_TASK_: Return an exact copy of the data, starting at its first line and ending at the line that contains "Square-Neck Buttoned Sweater", minus any pictures.

_SUPPLIED DATA_:
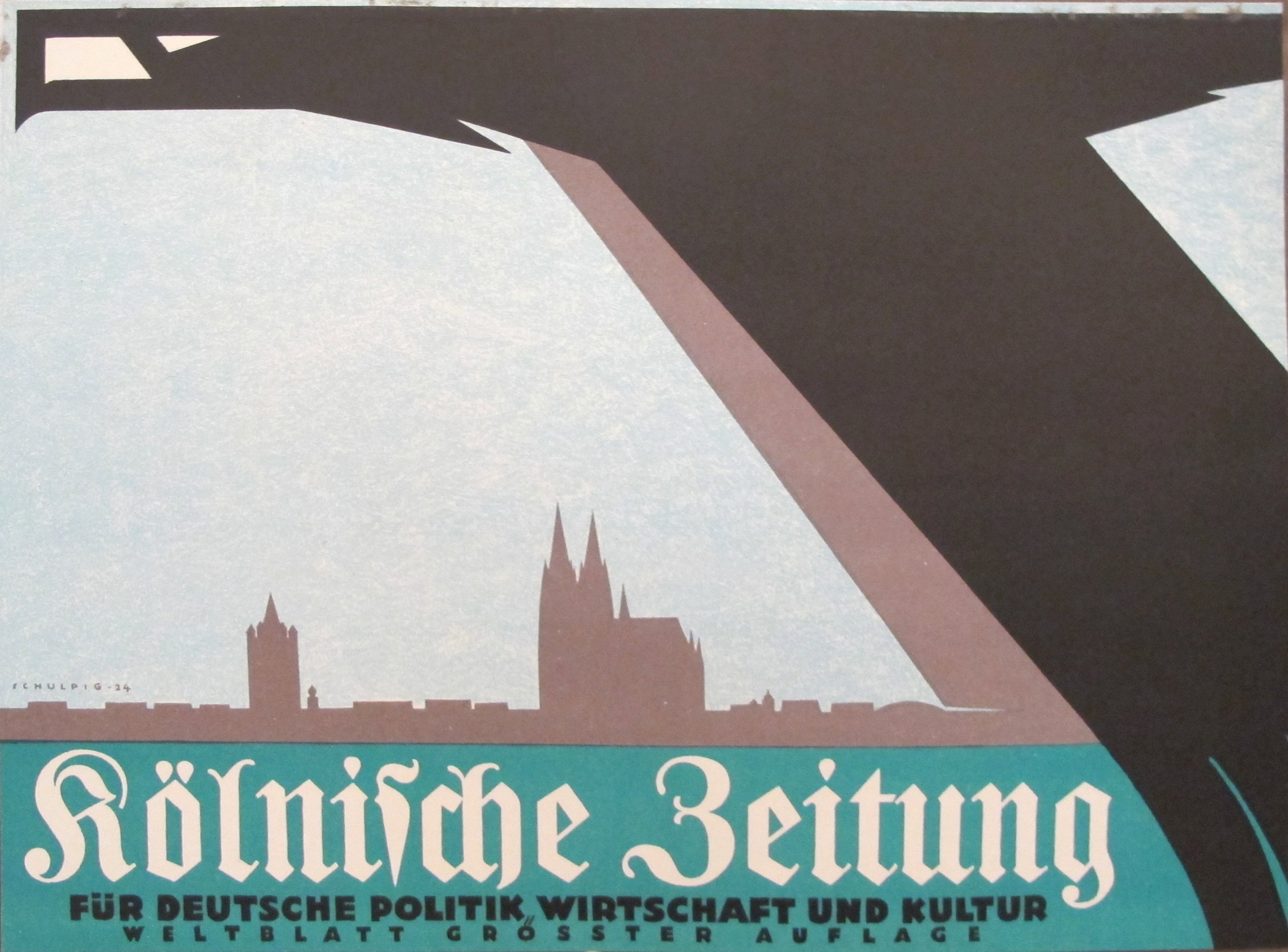 1927 Vintage German Mini Poster - Kolnische Zeitung Newspaper Reproduction - Perfect for Home Decor, Office & Historical Collectibles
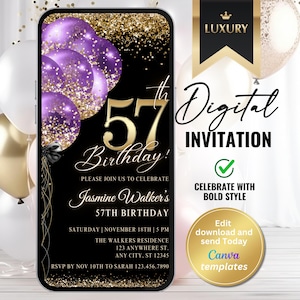 Faire-part 57e anniversaire pour femme, invitation numérique violet et or avec des ballons et des touches de paillettes – modèle modifiable, téléchargement immédiat
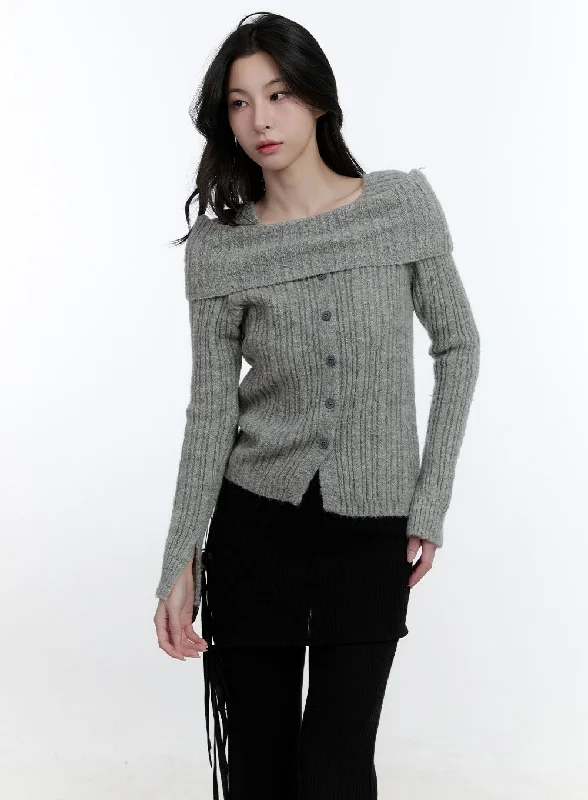 Square-Neck Buttoned Sweater CJ520Knit Jumper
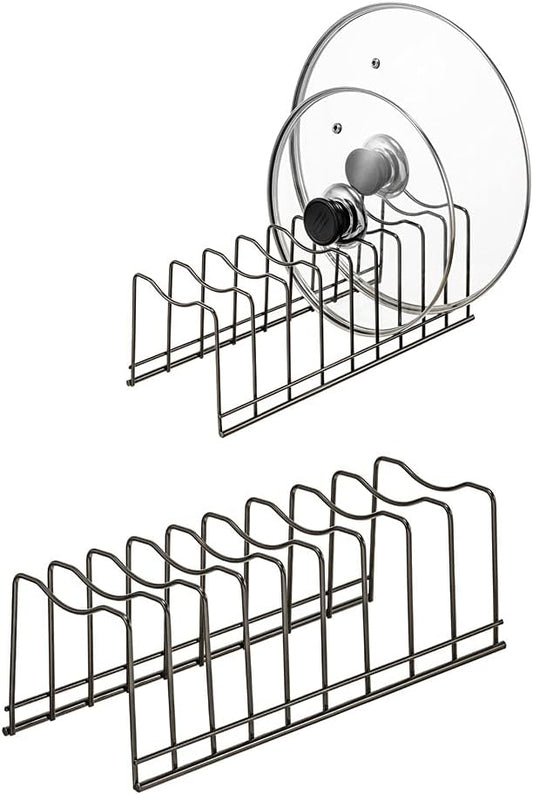 Pot Lid Holder Organizer, Kitchen Countertop Storage Rack Cutting Boards, Bakeware, Pots & Pans, Serving Trays, Reusable Containers in Cabinet Pantry , Stainless Steel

_ANSWER FOR THE TASK_:
 1927 Vintage German Mini Poster - Kolnische Zeitung Newspaper Reproduction - Perfect for Home Decor, Office & Historical Collectibles
 Faire-part 57e anniversaire pour femme, invitation numérique violet et or avec des ballons et des touches de paillettes – modèle modifiable, téléchargement immédiat
 Square-Neck Buttoned Sweater CJ520Knit Jumper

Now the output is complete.